Casting the future: Our predictions and trends for 2024

December 21, 2023

Written by Benedict Nicholson

We’ve been reflecting on all that has happened in 2023, and future-gazing into what 2024 will bring, which is particularly interesting to us as marketers. We love to see how viral trends and news erupt on the internet, but at NewsWhip, we’re also working to understand what it all means, especially as our media ecosystem becomes more fragmented. 

So, based on everything we’ve seen this year — and with a little help from NewsWhip Spike — here are our content team’s predictions for 2024.

1. Artificial Intelligence usage will mature

2023 was the year of AI, and we entered the year following an explosion of hype on Twitter after ChatGPT’s launch. Attention rose, and then slightly fell away again after July. 

My suspicion here is that the momentum faltered a bit when people realized that being able to generate a poem about commuting in the style of Henry David Thoreau is all well and good, but they wanted an actual application of the tech that helps them in their daily lives, not just a magic box for internet creativity.

timeline of AI in 2023

We’ve leaned into trying to define that category in our own industry with the launch of our AI Digests, which automatically summarize the top stories for any search or topic of interest and send them straight to your inbox, and it seems clear that 2024 will be the year where we start integrating AI tech into our workflows, rather than treating it as just the latest shiny new toy.
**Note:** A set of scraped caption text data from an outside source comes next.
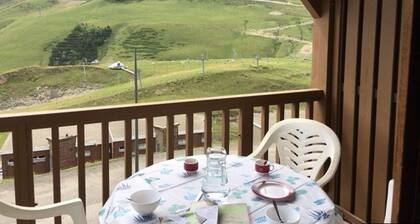 Geräumige Duplex-Wohnung für 7 Personen mit Hallenbad, Fitnessraum und überdachtem Parkplatz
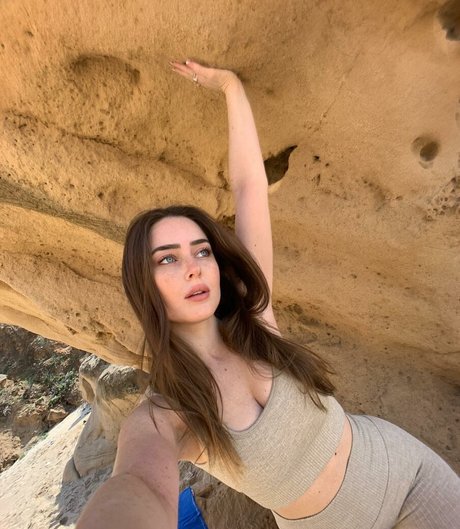 ゴスアジアンOnlyFans ヌード 画像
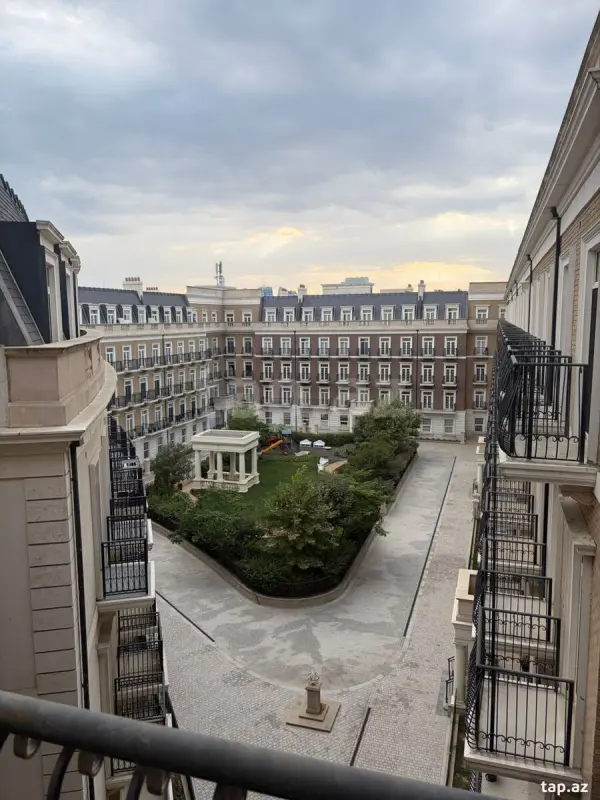 Satılır 1 otaqlı yeni tikili 42 m²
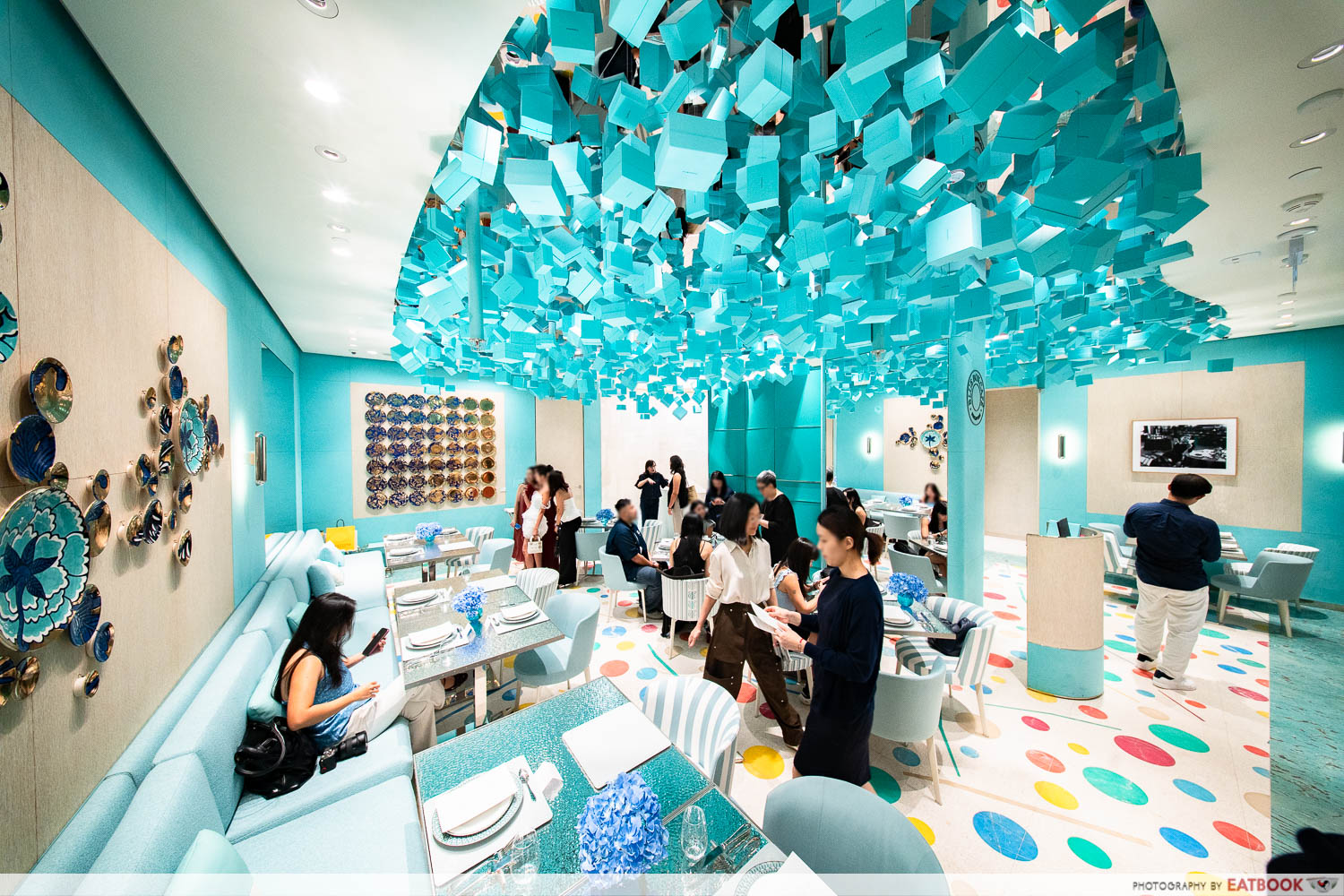 blue box cafe interior ambience
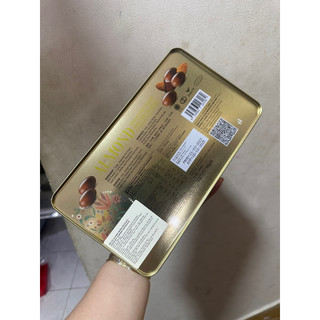 HỘP 300gr SÔ CÔ LA HẠNH NHÂN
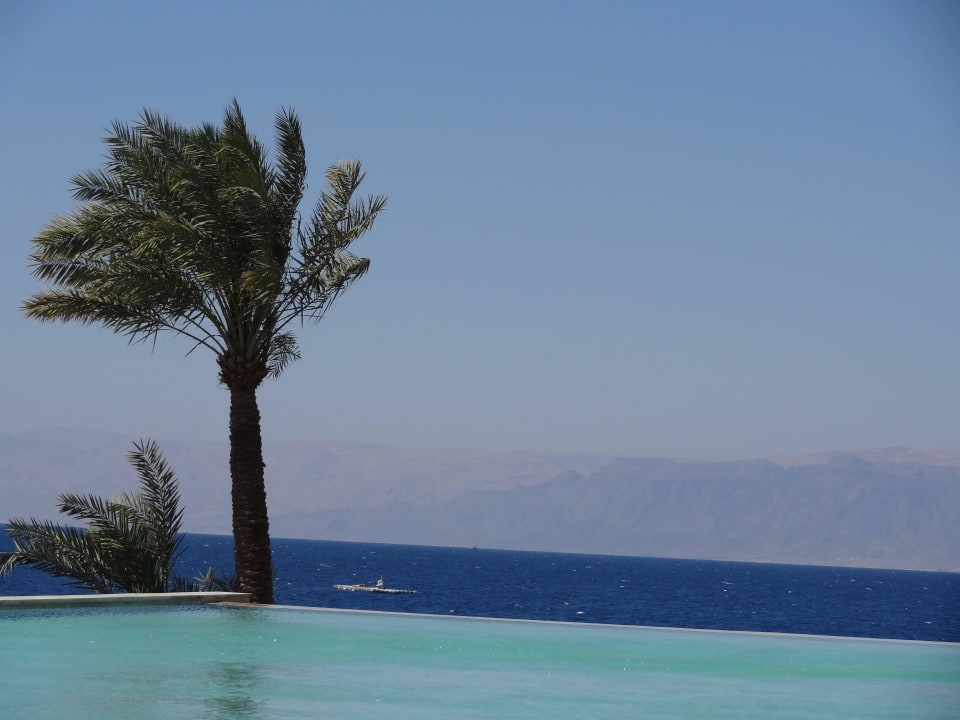 Pool mit Meer im Hintergrund Hotel Marina Plaza Tala Bay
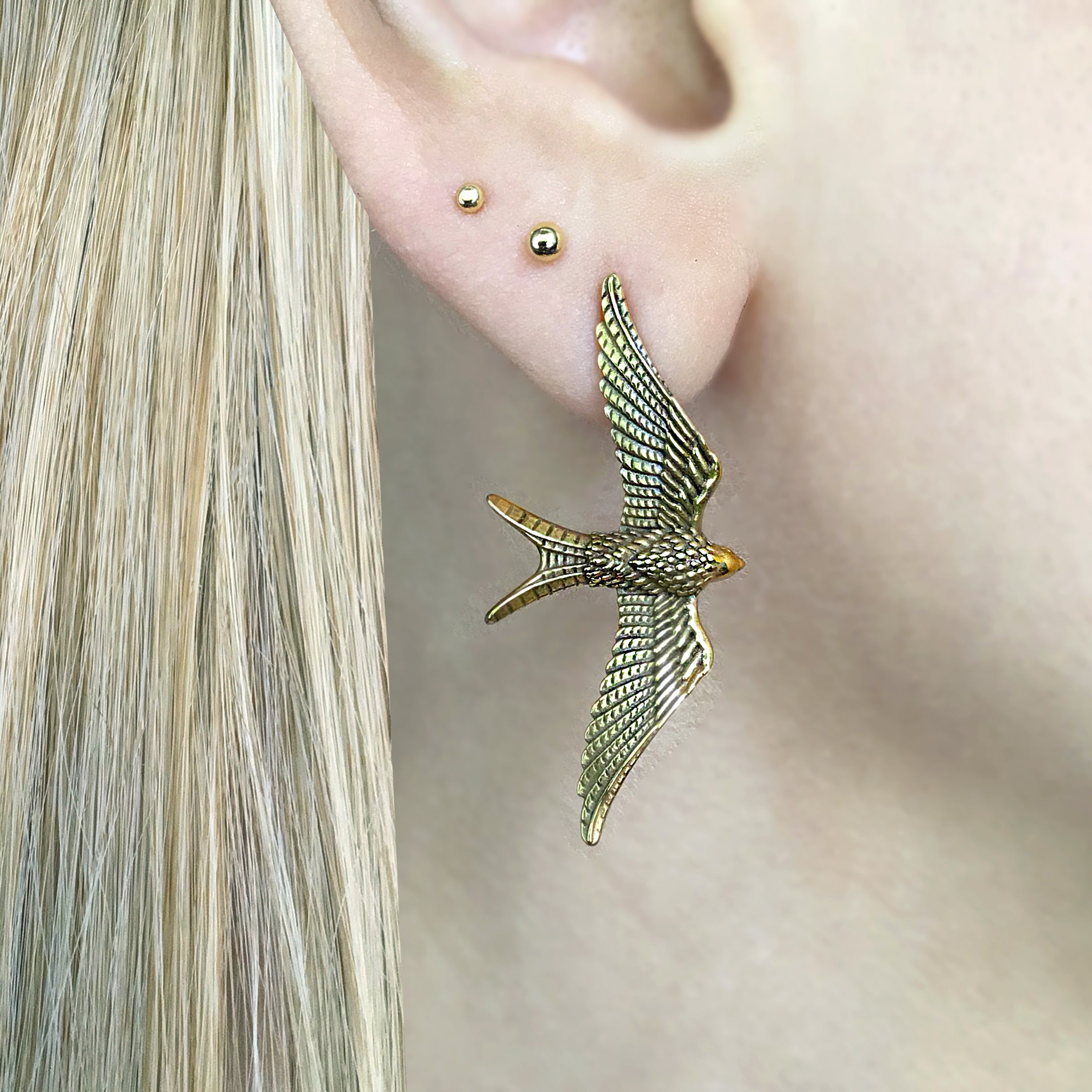 BIRDS STATEMENT EARRINGS
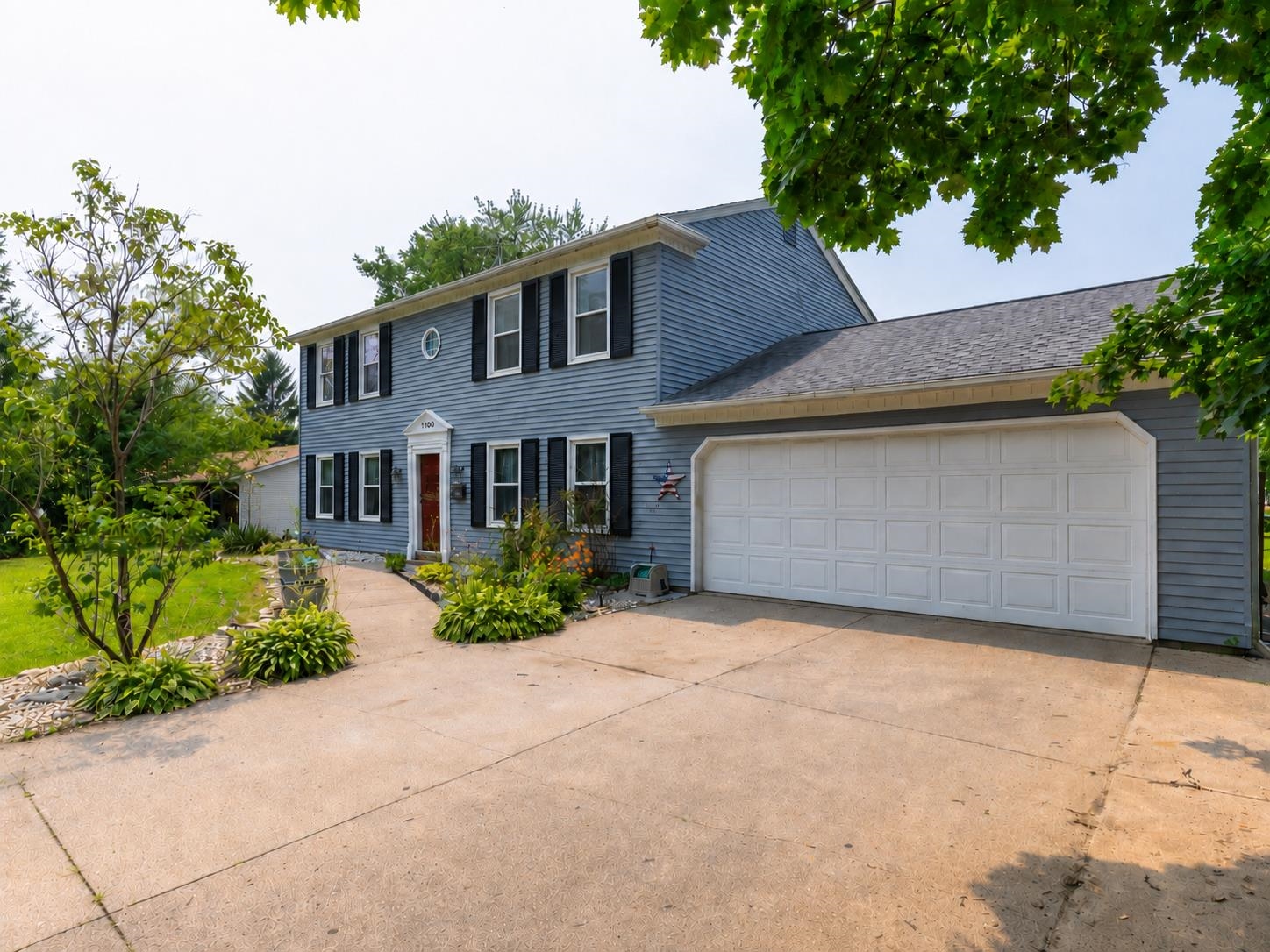 Photo 10 of 1100 Springhill Drive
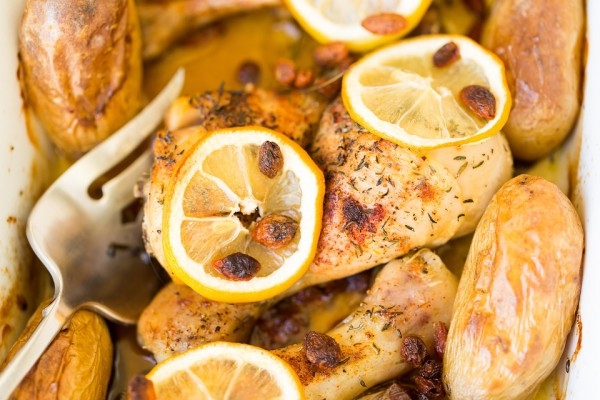 Курица с картофелем, изюмом и лимоном - «Второе блюдо»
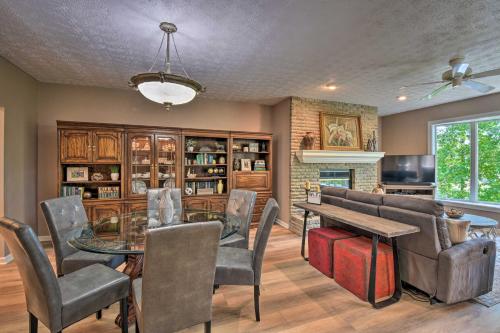 Resort-Style Condo with Balcony on Lake Keowee in Salem, USA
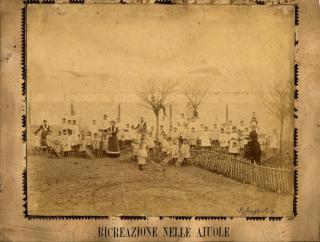 Ricreazione nelle aiuole, immagine Istituto Stoppa - ultimo decennio dell'Ottocento. Questa immagine dell’epoca rappresenta un importante documento relativo alla centralità assegnata al rapporto bambini/natura nel giardino d’infanzia: i bambini sono intenti in occupazioni agresti, strumenti di lavoro adeguati alle loro forze, mentre alcuni compagni sono addirittura saliti sugli alberi.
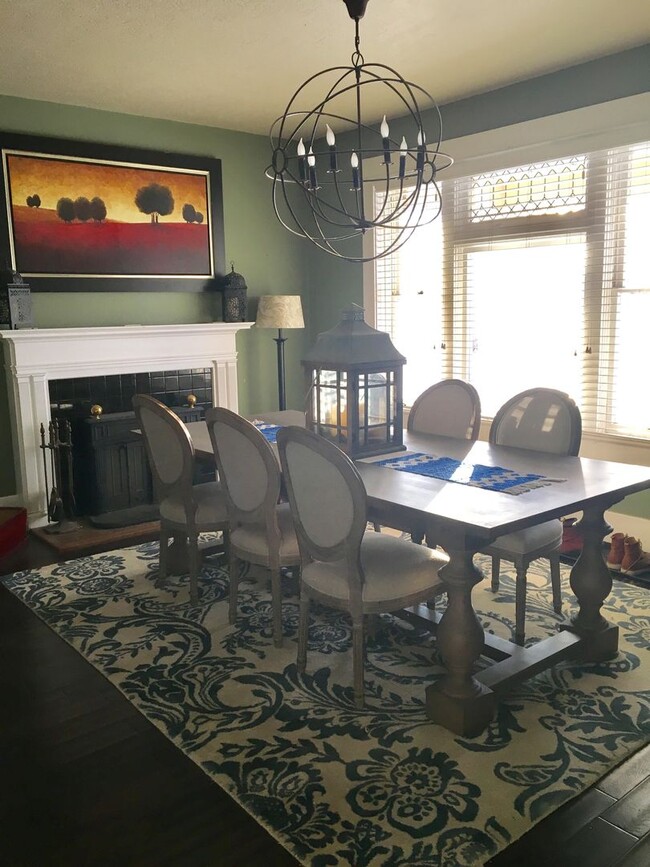 Building Photo - Charming Victorian Home Near the Universit...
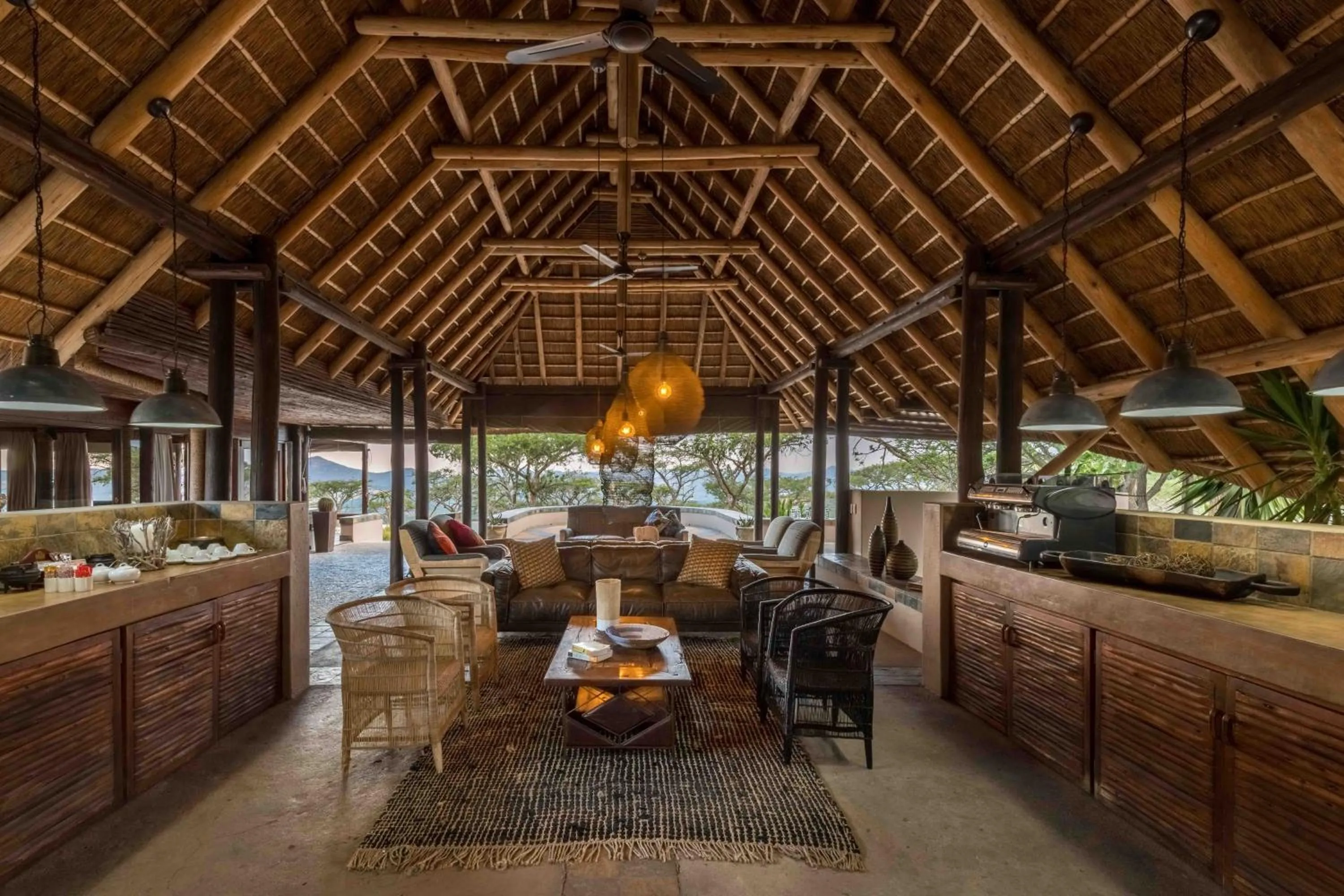 Living room in Muluwa Lodge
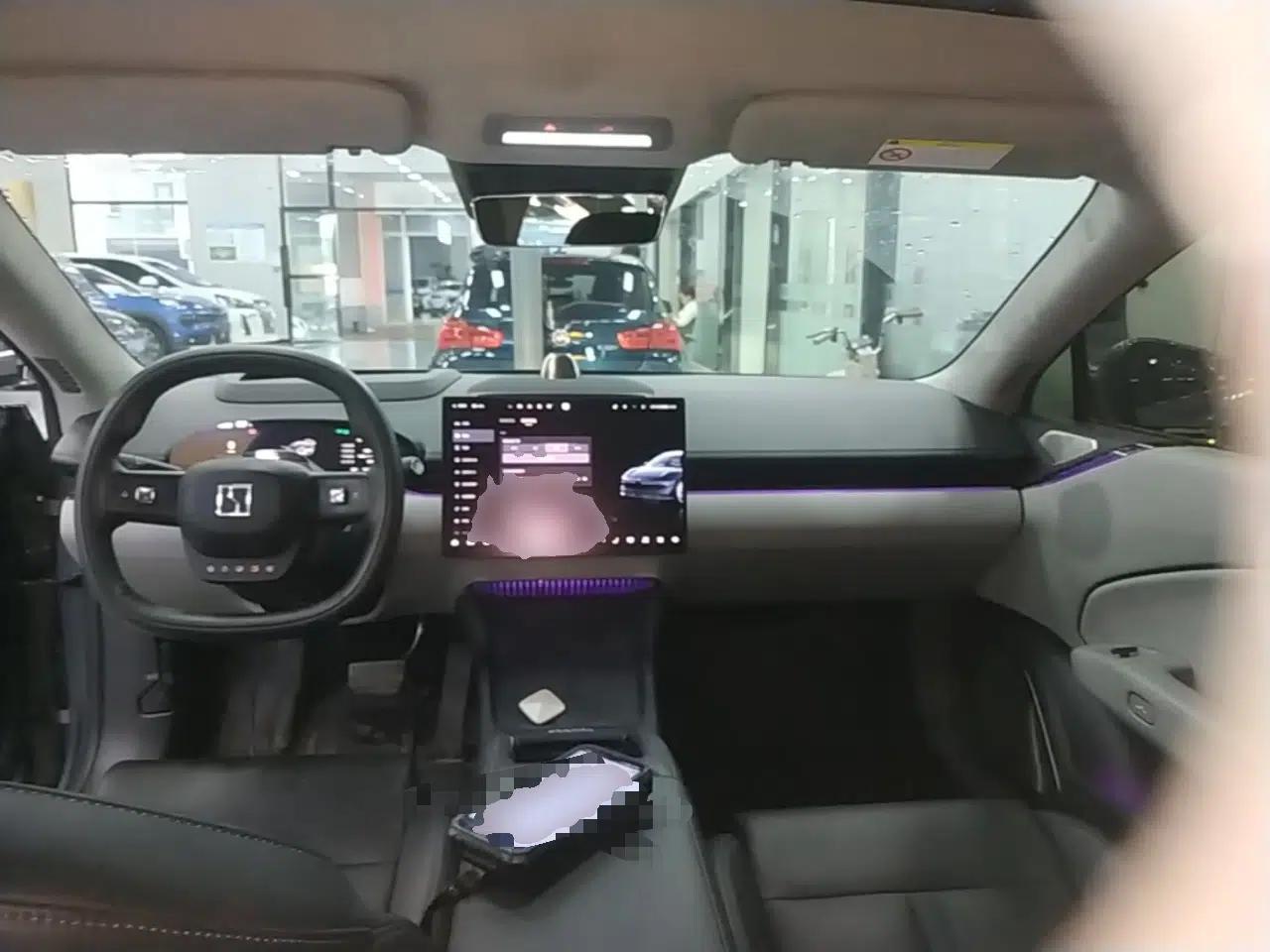 Zeekr 007 2025 Rear-Drive Intelligent Driving Version 75 kWh — миниатюра 13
Interestingly, most of the top articles this year were warning of the danger of AI, from James Cameron to Google’s ‘Godfather of AI’, so it may also just be that people’s skepticism of the tech has worn off as the year has progressed. Either way, AI is here to stay, and you can expect to see it integrated in a lot more places in 2024.

2. The first TikTok election(s)

3 billion people are going to the polls next year, including the likes of Mexico, Indonesia, Pakistan, India, and the United States. That’s a lot of election content, all at once. And some of the platforms that are now most popular, like TikTok, were nowhere near as established as they are now, so in America at least we’re going to see what impact these will have on the discourse in almost real time. 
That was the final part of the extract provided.